WORK TASK: Begin at the line containing "Pearly White Dainty Necklace" and restate it and each line after it exactly, up to and including the last line below. Leave pictures out.

(Records drawn from a dataset)
_ _ _
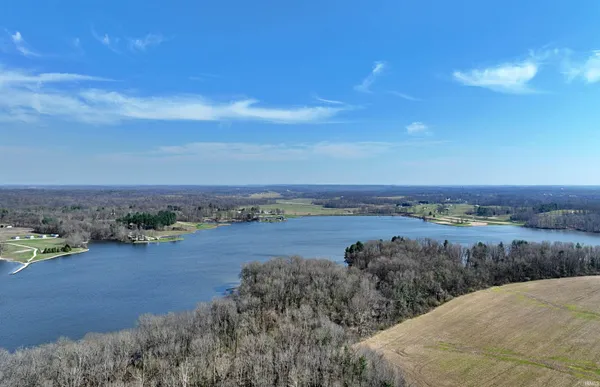 $625,000 | 3 Persimmon Lane, Loogootee, IN 47553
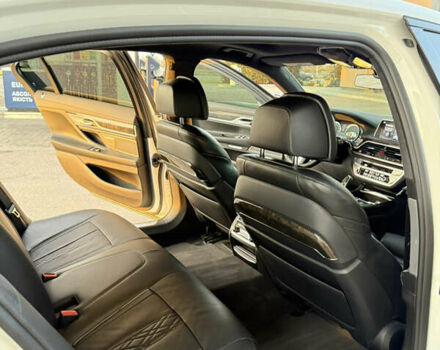 Белый БМВ 7 Серия, объемом двигателя 4.4 л и пробегом 126 тыс. км за 27777 $, фото 21 на Automoto.ua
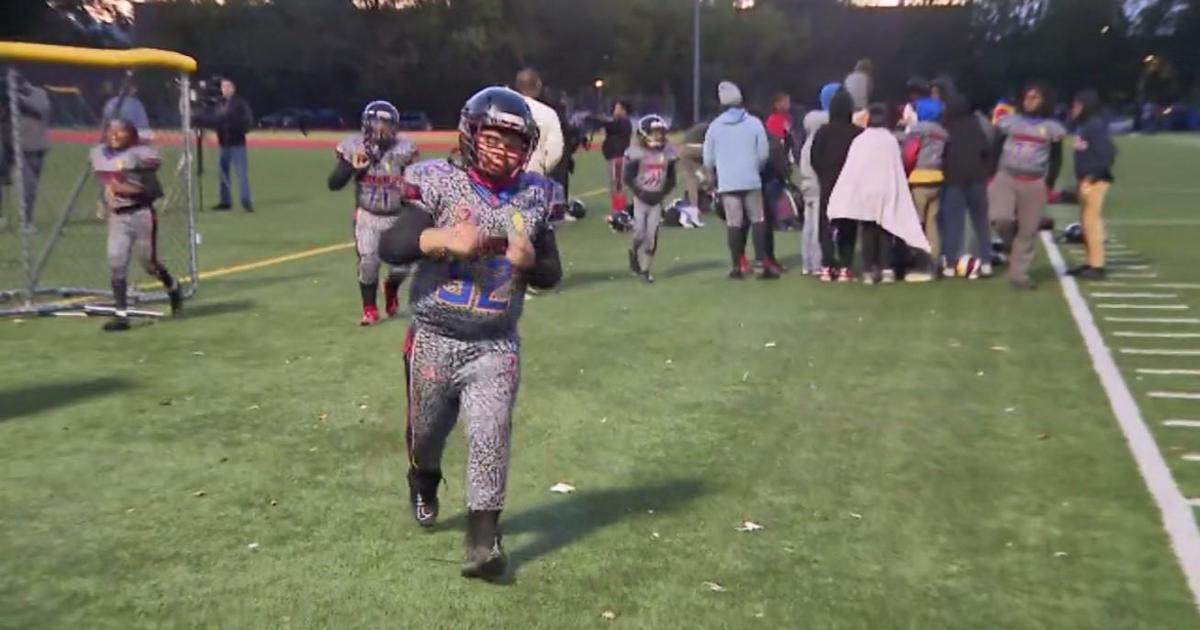 Chicago Hellcats Youth Football teams need help getting to nationals - CBS  Chicago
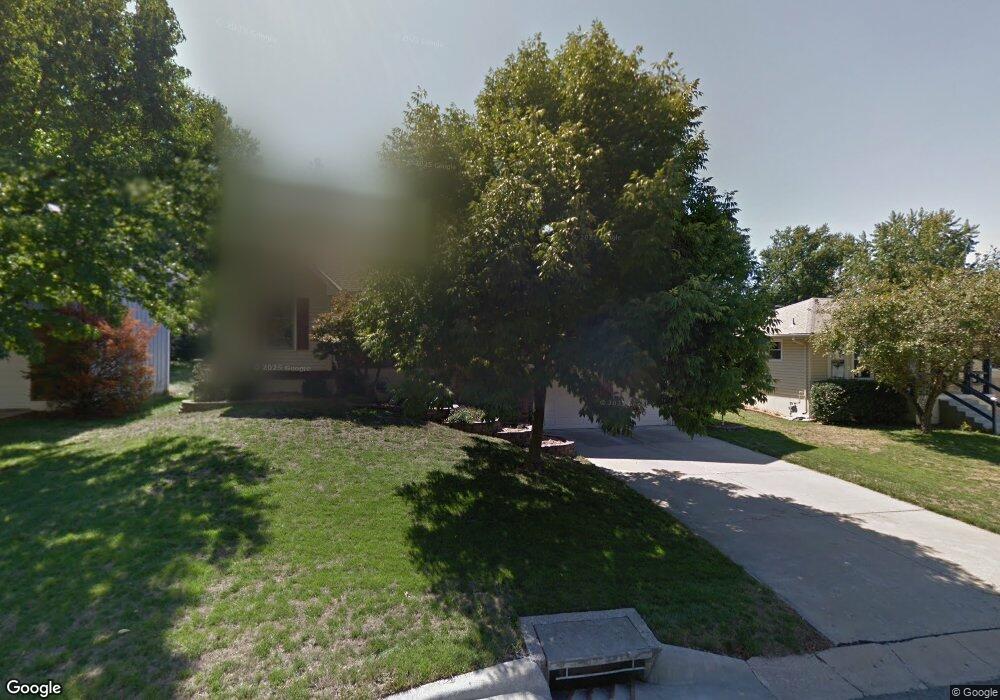 1828 NW Willowbrook Dr, Blue Springs, MO 64015 - photo 1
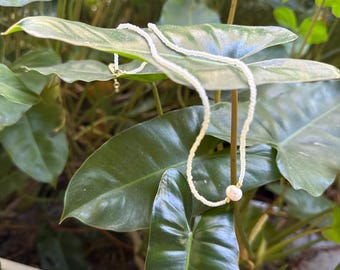 Pearly White Dainty Necklace
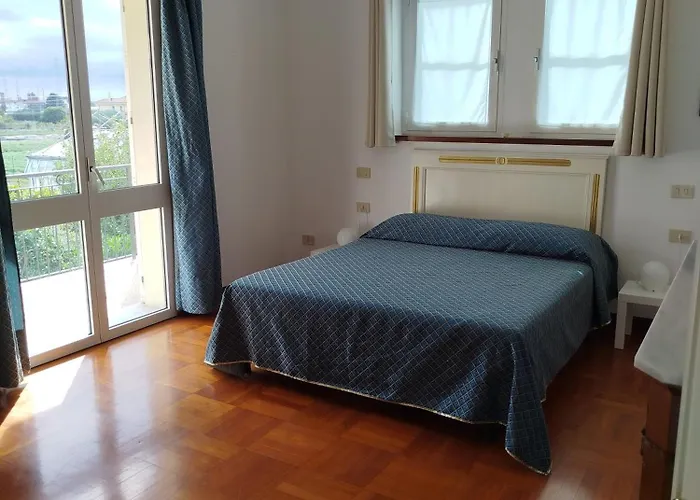 Casa Rosella * 알벤가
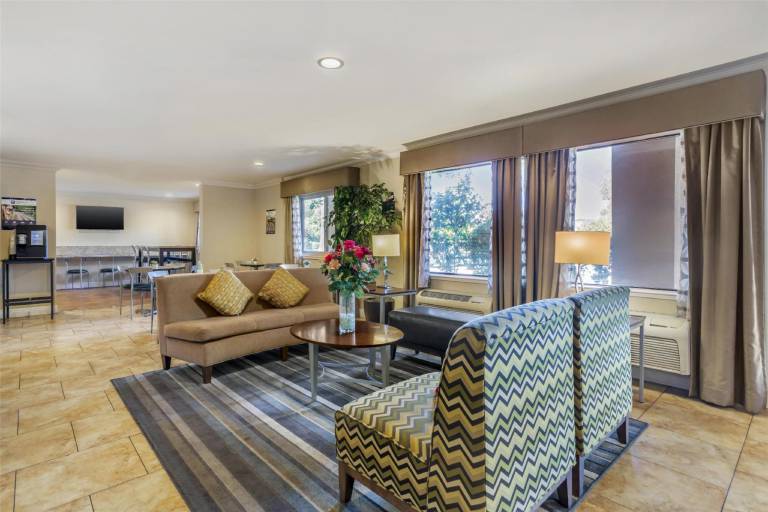 Best Western Plus Pleasanton Inn — photo 3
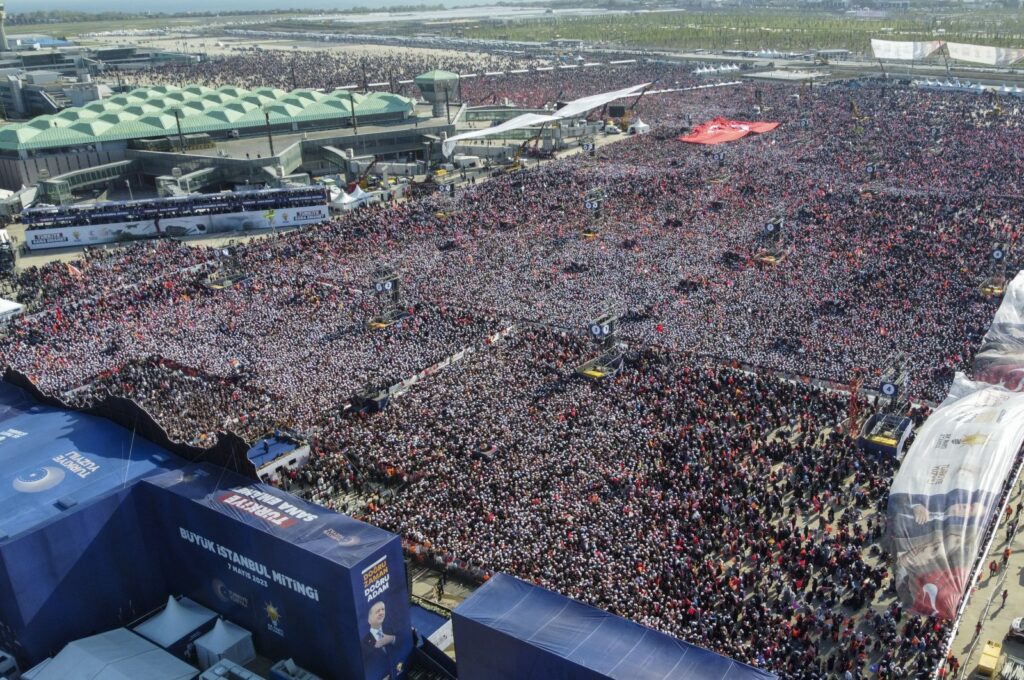 Miting istoric la Istanbul. Recep Tayyip Erdogan a adunat în Parcul Naţional peste 1,7 milioane de oameni. Video-Foto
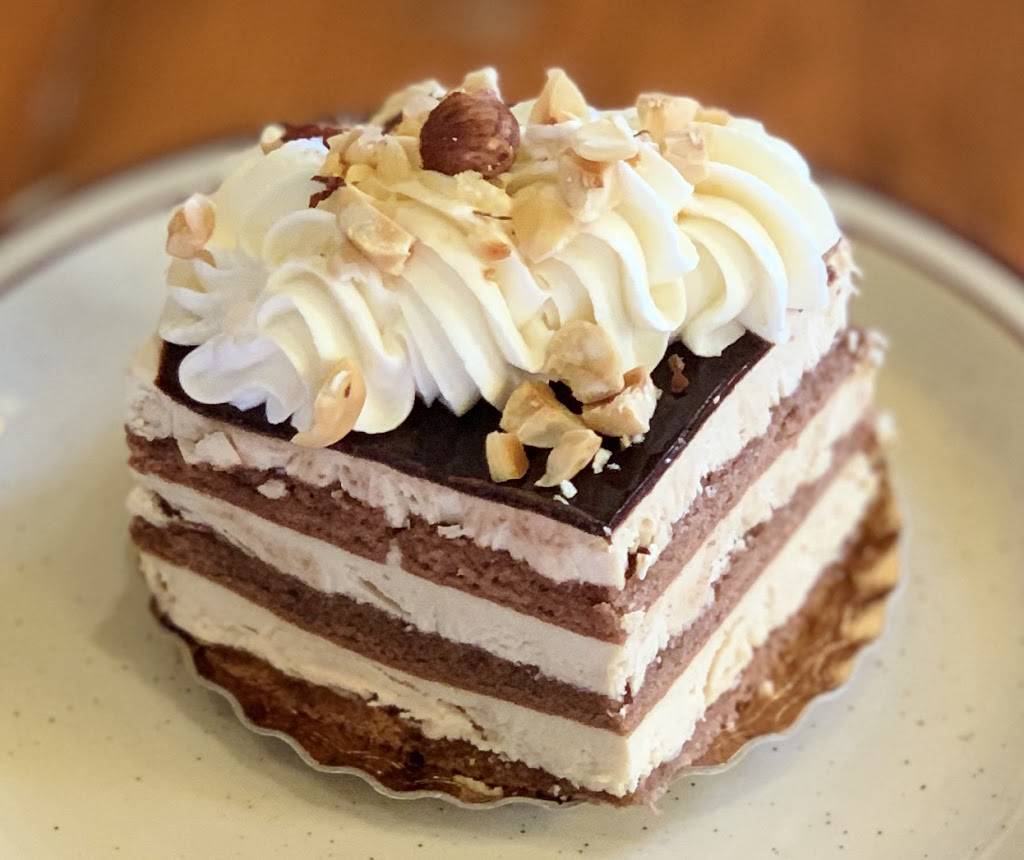 Caffé Mezza Luna | cafe | 240 Capistrano Rd, Half Moon Bay, CA 94019, USA | 6505600137 OR +1 650-560-0137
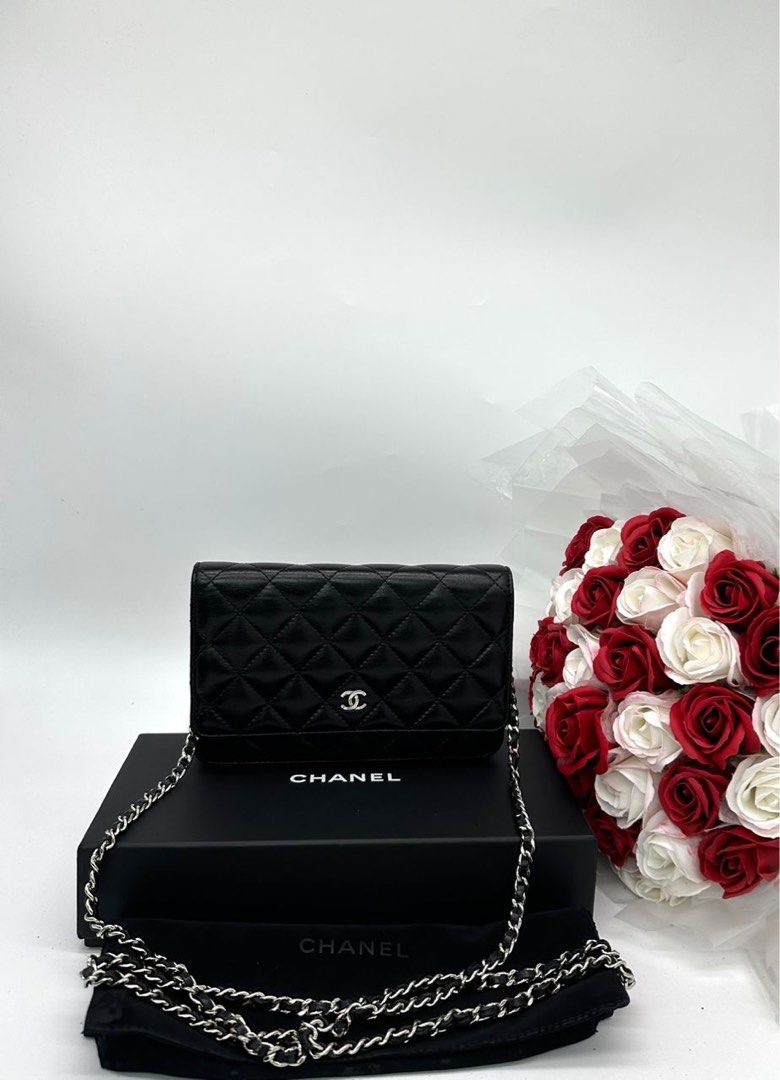 chanel black wallet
_ _ _
ANSWER FOR THIS EXERCISE:
 Pearly White Dainty Necklace
 Casa Rosella * 알벤가
 Best Western Plus Pleasanton Inn — photo 3
 Miting istoric la Istanbul. Recep Tayyip Erdogan a adunat în Parcul Naţional peste 1,7 milioane de oameni. Video-Foto
 Caffé Mezza Luna | cafe | 240 Capistrano Rd, Half Moon Bay, CA 94019, USA | 6505600137 OR +1 650-560-0137
 chanel black wallet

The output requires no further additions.